We have three CAT 3516C Gas Generators installed in our facility. 2 out of 3 runs under normal operation and third one acts as a standby. Two days ago we observed a tripping of the one of the Gas Generator occurred due to high temperature of Stator Windings of the Alternator. RTDs has been installed for sensing of the temperature in the stator. We considered loose connections in the wiring and thus carried out tightening of all the connections. The temperature was restored to normal values after tightening of connections. This generator was put on standby. Today this generator was in in stop condition and high temperature alarm was actuated and tripping signal was initiated although it was not running. The high value of the temperature reading stayed for around 2 minutes and then it returned to its normal value. The second time around, no rectification activity was carried out and the temperature returned to its normal value on its own. Has anyone ever faced such issue before? Any inputs will be highly appreciated.
As the temp had returned back momentarily means the issue is related to RTDs and its integrity. suggest to interchange the RTD connections to confirm the defective loop.
1) I'm not a generator guy, but I have to believe that the specific point that tripped the high alarm has to be in an error/fault log somewhere. That should point you in the right direction as to which sensor circuit to investigate.

2) An RTD high alarm is caused by a higher resistance at the analog input that the equivalent resistance value for the alarm temperature alarm value.

a) High resistance can be caused by loose wire or a single strand of multistranded (not solid) wire barely making contact, breaking open or coming loose from the connection.

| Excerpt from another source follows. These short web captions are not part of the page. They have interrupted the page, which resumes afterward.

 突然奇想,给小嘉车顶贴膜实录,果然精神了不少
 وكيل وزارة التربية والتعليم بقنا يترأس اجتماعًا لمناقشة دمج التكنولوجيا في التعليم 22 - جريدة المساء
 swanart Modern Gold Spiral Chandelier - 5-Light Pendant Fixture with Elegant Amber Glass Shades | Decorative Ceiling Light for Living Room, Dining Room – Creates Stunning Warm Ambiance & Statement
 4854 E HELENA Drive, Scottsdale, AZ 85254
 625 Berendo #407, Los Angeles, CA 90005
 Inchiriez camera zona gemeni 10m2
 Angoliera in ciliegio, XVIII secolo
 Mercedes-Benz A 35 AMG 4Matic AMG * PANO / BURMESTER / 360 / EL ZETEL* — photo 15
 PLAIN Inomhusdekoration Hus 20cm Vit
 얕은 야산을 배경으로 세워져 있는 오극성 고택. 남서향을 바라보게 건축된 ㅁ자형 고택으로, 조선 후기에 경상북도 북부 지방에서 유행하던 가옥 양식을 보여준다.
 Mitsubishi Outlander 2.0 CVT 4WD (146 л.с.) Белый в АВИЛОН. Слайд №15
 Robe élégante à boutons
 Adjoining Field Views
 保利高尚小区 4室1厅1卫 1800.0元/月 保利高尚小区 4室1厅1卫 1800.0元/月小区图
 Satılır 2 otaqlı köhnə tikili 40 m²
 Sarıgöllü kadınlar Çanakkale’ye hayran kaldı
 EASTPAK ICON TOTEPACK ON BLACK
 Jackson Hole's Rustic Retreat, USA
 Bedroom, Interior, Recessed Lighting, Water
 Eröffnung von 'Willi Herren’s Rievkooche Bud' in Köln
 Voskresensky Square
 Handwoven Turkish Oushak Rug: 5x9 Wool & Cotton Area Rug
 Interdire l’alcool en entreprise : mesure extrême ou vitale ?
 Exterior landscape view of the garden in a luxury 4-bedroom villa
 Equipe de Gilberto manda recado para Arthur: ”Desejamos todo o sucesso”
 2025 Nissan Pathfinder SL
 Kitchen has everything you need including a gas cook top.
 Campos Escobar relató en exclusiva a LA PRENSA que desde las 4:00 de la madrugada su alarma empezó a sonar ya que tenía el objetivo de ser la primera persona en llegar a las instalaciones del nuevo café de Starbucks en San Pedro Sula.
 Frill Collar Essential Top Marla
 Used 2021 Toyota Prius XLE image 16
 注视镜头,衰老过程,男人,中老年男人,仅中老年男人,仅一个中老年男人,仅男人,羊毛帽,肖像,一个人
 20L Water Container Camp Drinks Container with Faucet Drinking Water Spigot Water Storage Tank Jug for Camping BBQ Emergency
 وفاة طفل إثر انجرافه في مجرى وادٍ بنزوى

One recent episode had terminal loose connection inside the RTD plug(jack), as shown in the photo here,


The cover piece partially held the wire in place, but the wire would make intermittent contact with the terminal screw. An open circuit is a very high resistance which can trigger an alarm.

As much as I like the convenience of RTD plugs and jacks, I'm always suspicious of others' wiring techniques, which can be pretty awful, so the first thing I suspect is plugs and jacks.

b) I've had RTD's fail internally presumably from vibration. The very thin wires inside the sheath can fail and make or break depending on temperature or vibration.

c) Over the years I recall having found two stripped terminal screws on the old style terminal blocks (my father's style), the dual row of screw connections with the raised bakelite dividers between screw connections.

d) I hate wire nuts for instrumentation wiring, but I run into them here and there. I've found more than one bad connection because the wires were not in contact with each other. Typically, a wirenut sized for three #12's but underneath are two 20g conductors.